Néo-romantiques et néo-dandys, entretiens (2) : Eva Bester

Eva Bester, journaliste et auteure, guérisseuse du spleen est l’une des motivations premières de cette série qui ne pouvait se faire sans elle tant elle semble incarner la figure première du néo-romantisme.

Elle nous rappelle combien le XIXe siècle nous poursuit et nous accompagne dans la difficile expérience de la mélancolie depuis 2013, à travers sa célèbre émission sur France Inter Remède à la Mélancolie. Elle est, en outre, l’auteure de différents ouvrages qui approfondissent les pistes de son émission, ainsi qu’un essai sur Léon Spilliaert, dont l’œuvre picturale fait surgir des paysages urbains un fantastique macabre.

Que garde-t-on du XIXe siècle ?

Pas grand-chose : la grandeur, la quête d’absolu ou le vocabulaire raffiné tendent à disparaitre, mais si l’on voit les choses du bon côté : les cas mortels de syphilis aussi.
Nous avons peut-être hérité d’un pessimisme fin-de-siècle majoré, notamment devant l’avenir. Ce début de siècle est plus que jamais hanté par la notion de finitude. On envisage la possibilité de la destruction du monde (écologie) et de l’extinction de l’humanité (nucléaire) dans une ère absurde et sans dieu. C’est un peu rude.
Disons que l’idée de décadence, très à la mode fin 19e, s’applique aujourd’hui aisément à presque tout ce qui existe. Voilà, je conclus par une phrase réactionnaire.

Le terme « romantisme », nom de baptême du mouvement magnifique, désigne aujourd’hui tout autre chose. Quelle serait votre définition ?

L’ailleurs, et donc l’impossible. Car l’absolu auquel aspire le romantique n’est pas de ce monde. Malgré le fait que ses quelques jubilations frôlent l’extase, l’être romantique est assez malheureux. J’aimerais bien ne pas l’être du tout, mais c’est un long et douloureux travail que d’accepter le réel dans toute sa cruauté.

Vos habitudes de dandy ?

Penser à la mort, voir le grotesque en tout et d’abord en soi, plaisanter sans cesse et même dans les pires situations – la dernière fois étant il y a deux semaines, devant le cadavre de quelqu’un d’aimé.

Célébrer l’échec, le rien, l’inutile. Chercher frénétiquement les plaisirs et les lueurs dans ce vaste hangar froid qu’est le monde. Je prononce évidemment la dernière phrase en direct d’un tableau crépusculaire de Caspar David Friedrich avec un peignoir en soie et un fume-cigarette.

Un texte ? Un œuvre ? Un film ? Partagez vos références néo-romantiques.

A rebours de Huysmans, Le portrait de Dorian Gray de Wilde, les interviews de Françoise Sagan, les poèmes de Baudelaire, les nouvelles d’Edgar Poe, De l’inconvénient d’être né de Cioran, Le Casanova de Fellini, La Dolce VitaHuit et demiLa grande Bellezza de Paolo Sorrentino, les artistes Alfred Kubin, Léon Spilliaert et Edward Gorey.

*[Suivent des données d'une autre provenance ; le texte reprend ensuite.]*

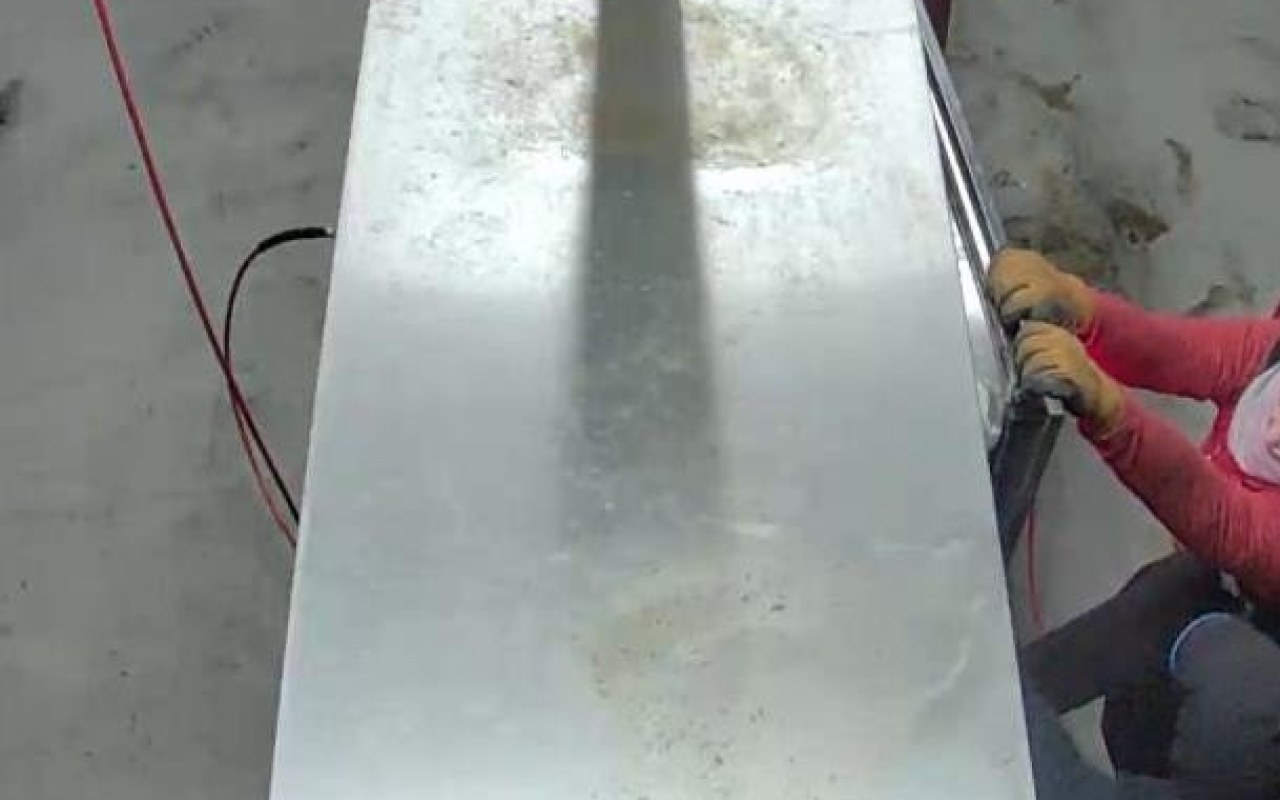 Policja zatrzymała włamywaczy, którzy okradali myjnie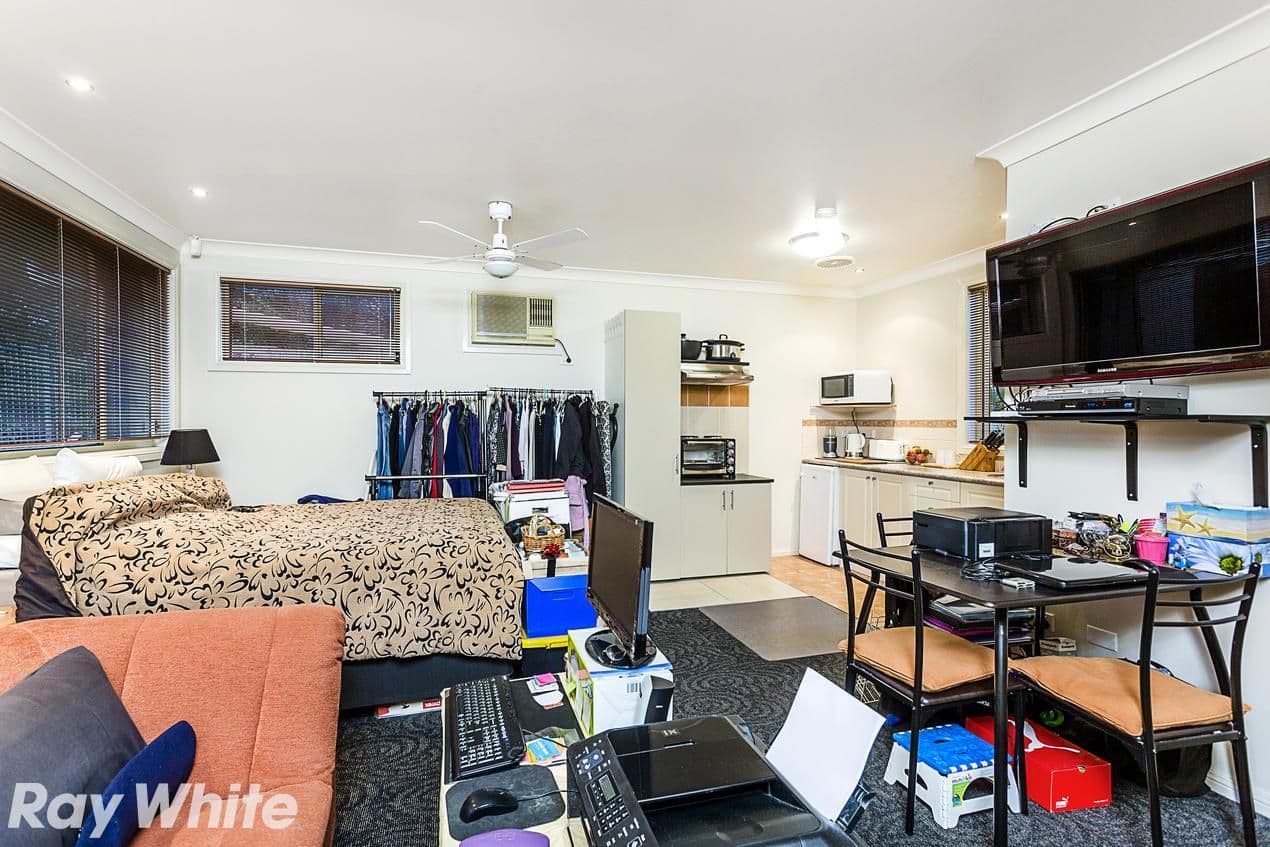 39 Cropley Drive, Baulkham Hills - Thumbnail 8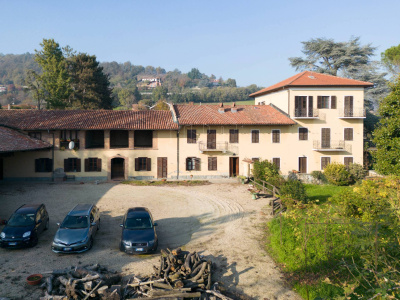 Cascinale in Strada Rosero, Pecetto Torinese (TO)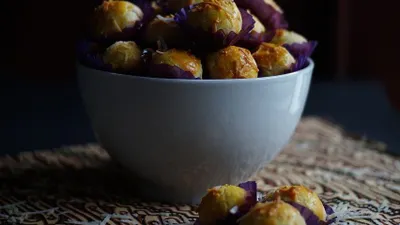 Kesalahan dalam penggunaan bahan atau teknik pembuatan yang kurang tepat dapat berdampak pada hasil akhir nastar.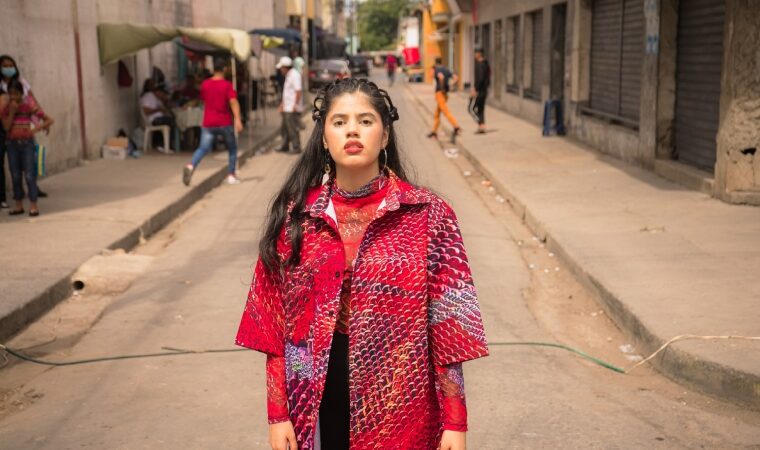 MARI vuelve a plasmar su irreverencia con el estreno de “Yo soy artista, no tu mamá”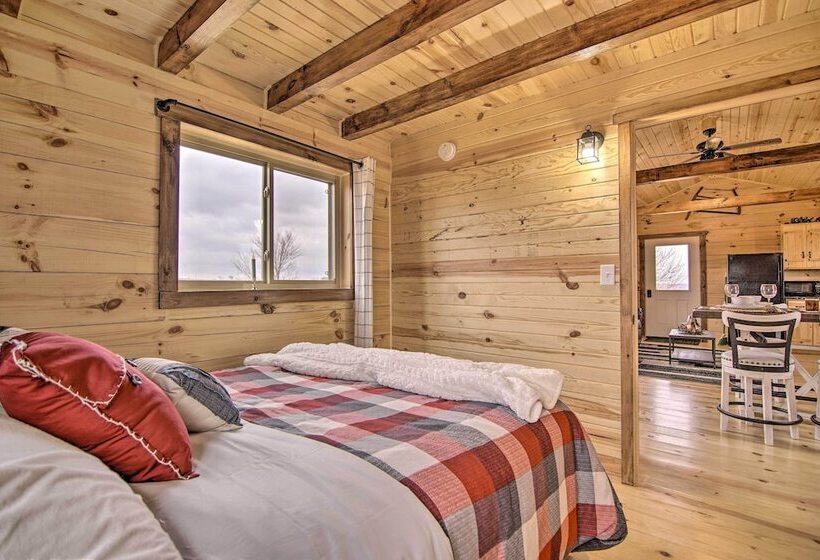 Serene Views: Quiet Farmhouse Cabin In Wisconsin!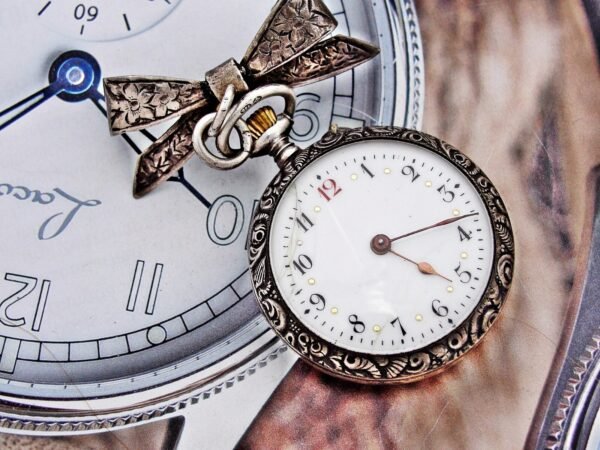 Nice silver nun's pocket watch with badge from the 1800s. - Image 7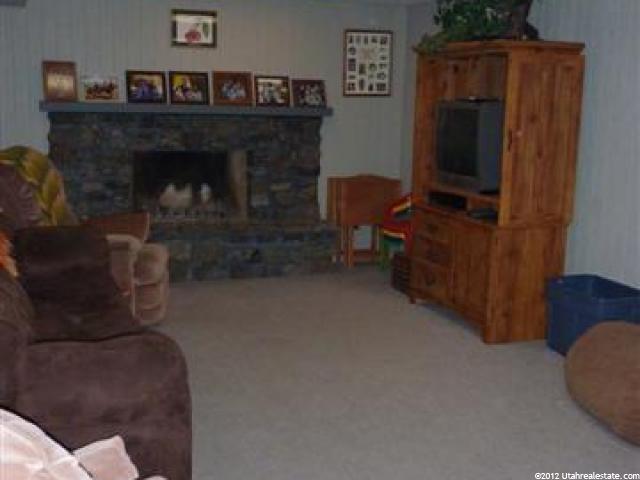 449 S 100 W, Providence, UT 84332 — photo 2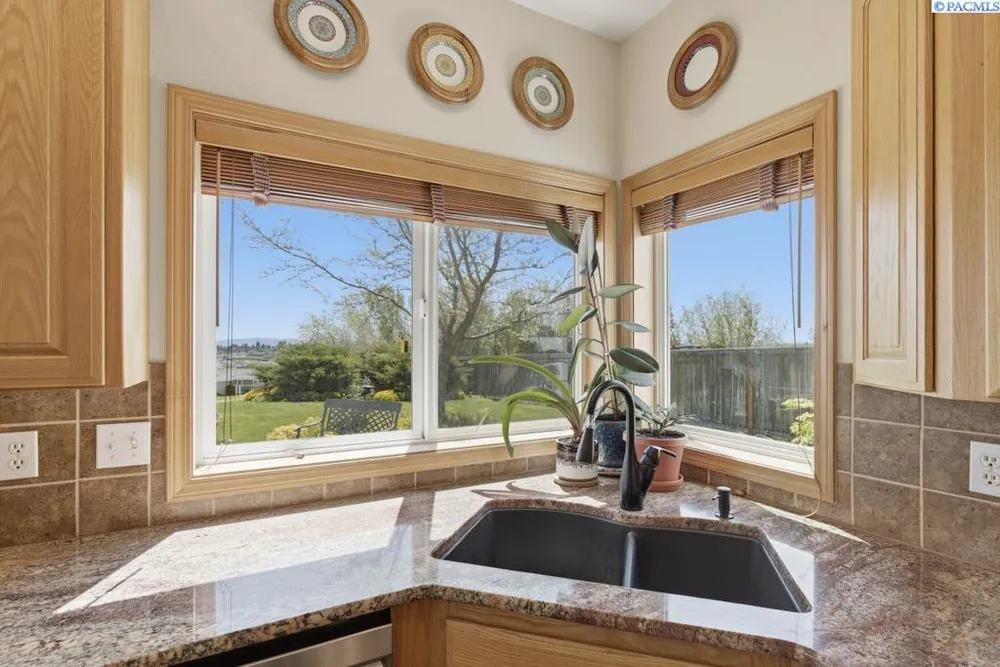 1525 NW Nicole Ct, Pullman, WA 99163
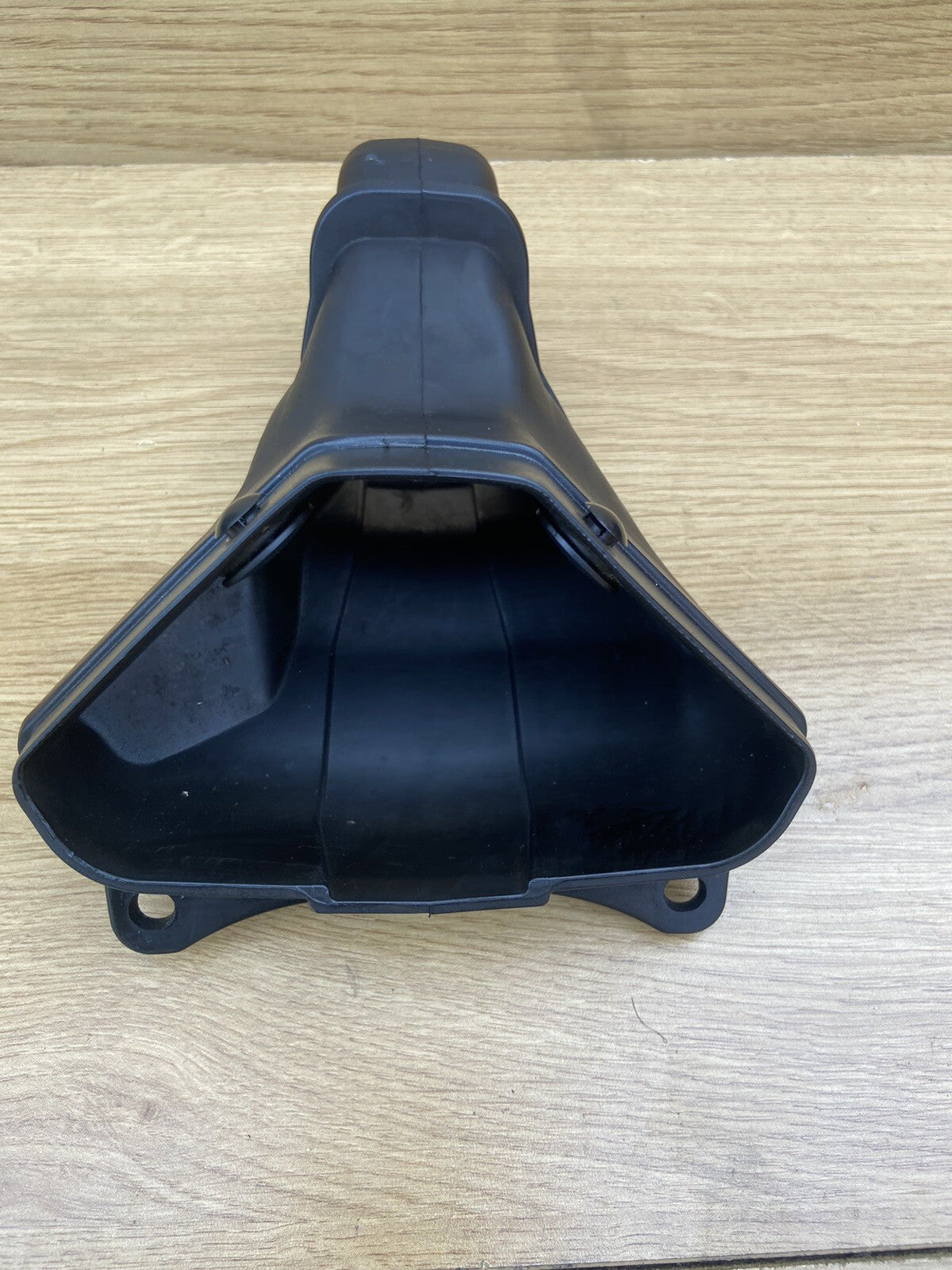 Triumph Moulding Duct Intake form part, duct, intake T2709086 Street Triple 765
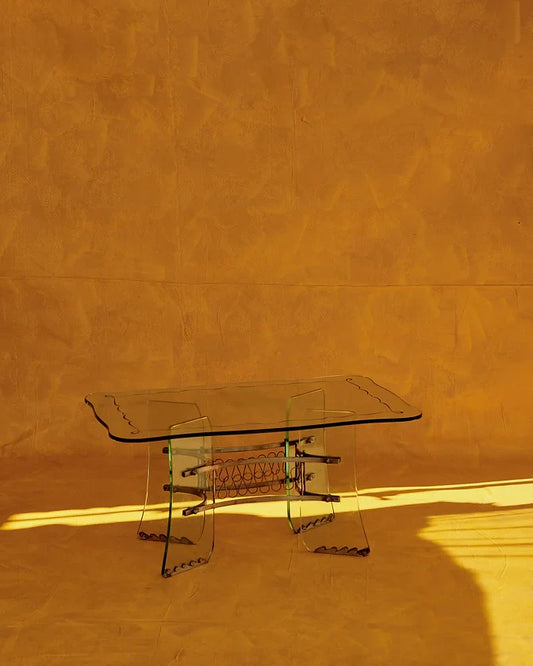 CURVED GLASS COFFEE TABLE w. BRASS DETAIL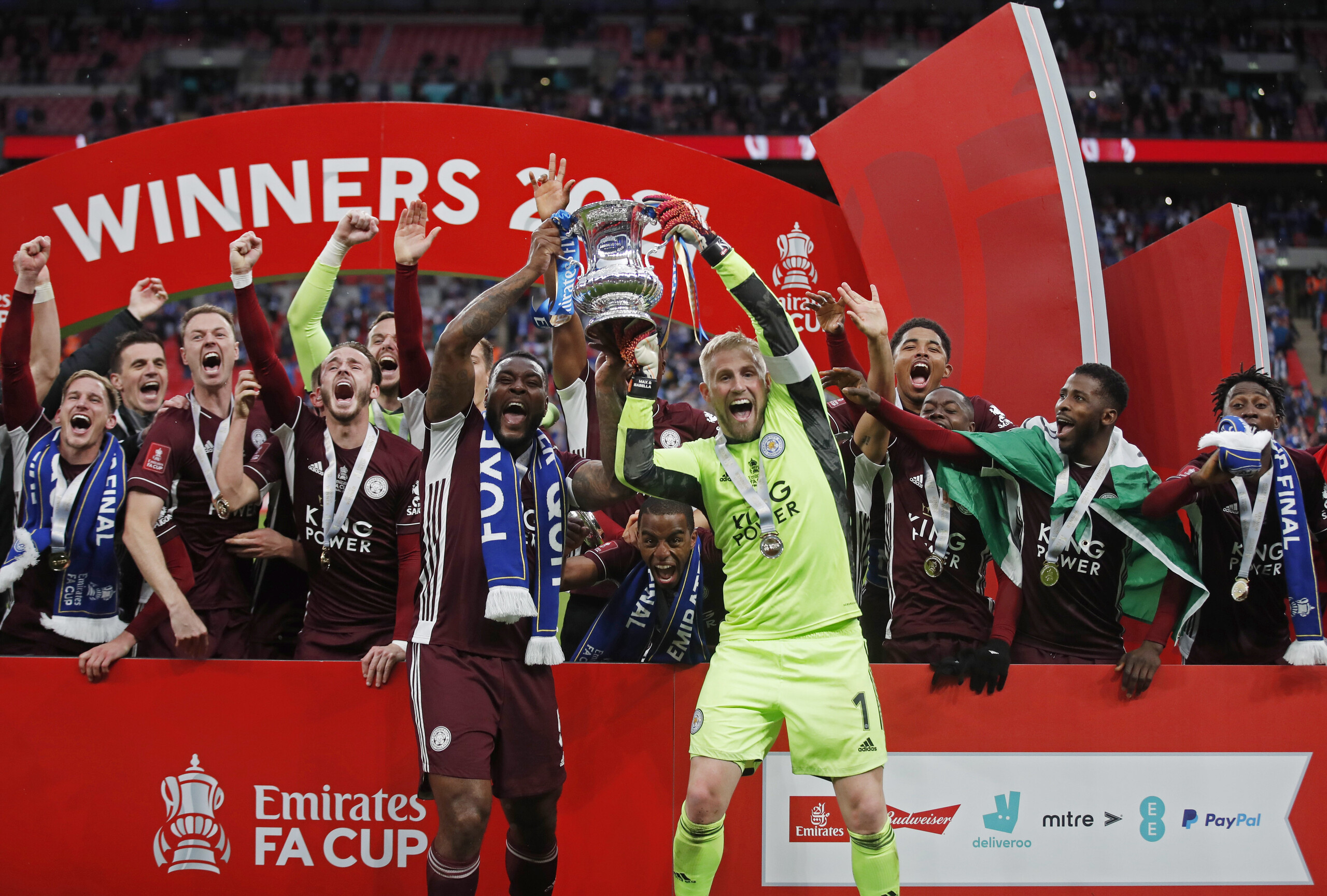 今晨迈阿密热火回应争议：足总杯节点到来，话题不断，训练强度明显提升的简单介绍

Un secret de votre art de vivre ?

A force de collectionner les fantômes, je ne peux m’empêcher de penser à la mort des gens que j’ai en face de moi, quel que soit leur âge. Ça me rend assez pressée de vivre. J’accepte de perdre du temps uniquement pour des choses drôles. S’il ne fallait poursuivre qu’un seul but, je choisirais le rire.

Un ou des plaisir(s) d’héroïne romantique ?

L’émerveillement facile. L’enthousiasme décuplé quand survient la joie.

Envie de vous échapper du monde par le rêve et par l’art ? Comment procéder ?

Tout chef-d’œuvre a la capacité de nous extraire de nous-même, et l’on ne demande que ça. Comment procéder ? Je crois que quelqu’un essaye désespérément de trouver la réponse chaque dimanche à 10h10 sur France Inter.

Pour le rêve, étant donné que je ne fais presque que des cauchemars, (ce n’est pas une pose romantique, j’aimerais vraiment ne pas passer la nuit avec moi), je parlerais plutôt de rêverie éveillée. Inventer des choses absurdes pour s’amuser. J’ai un bestiaire imaginaire que je convoque quand le réel fait trop du sien.

Nos références romantiques mourraient d’amour fou. Comment y survivre ?

Je crois que la mauvaise nouvelle est aussi la bonne : on y survit. Parfois avec un petit bout en moins. Pour que ce bout manquant ne soit pas trop gros, j’imagine qu’il faut avoir un bon rapport à soi et ne pas être effrayé par la solitude. Mais finalement, peu de gens semblent aimer se fréquenter.